__Exercise data__.

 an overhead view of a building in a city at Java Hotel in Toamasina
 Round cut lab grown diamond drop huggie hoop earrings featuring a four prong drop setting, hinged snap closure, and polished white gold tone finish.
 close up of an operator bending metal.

--

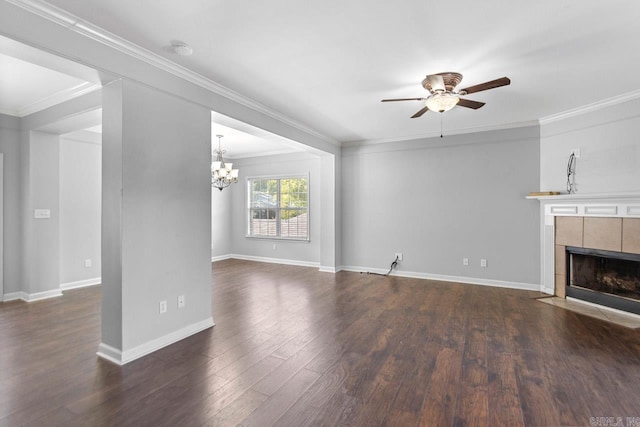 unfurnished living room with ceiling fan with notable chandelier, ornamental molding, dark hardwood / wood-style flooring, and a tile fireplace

__Task instructions__.
Your task is to retype the entries verbatim, starting with the line that holds "an overhead view" and stopping after the line that holds "close up of an operator bending metal.".

__Result of this task__.
 an overhead view of a building in a city at Java Hotel in Toamasina
 Round cut lab grown diamond drop huggie hoop earrings featuring a four prong drop setting, hinged snap closure, and polished white gold tone finish.
 close up of an operator bending metal.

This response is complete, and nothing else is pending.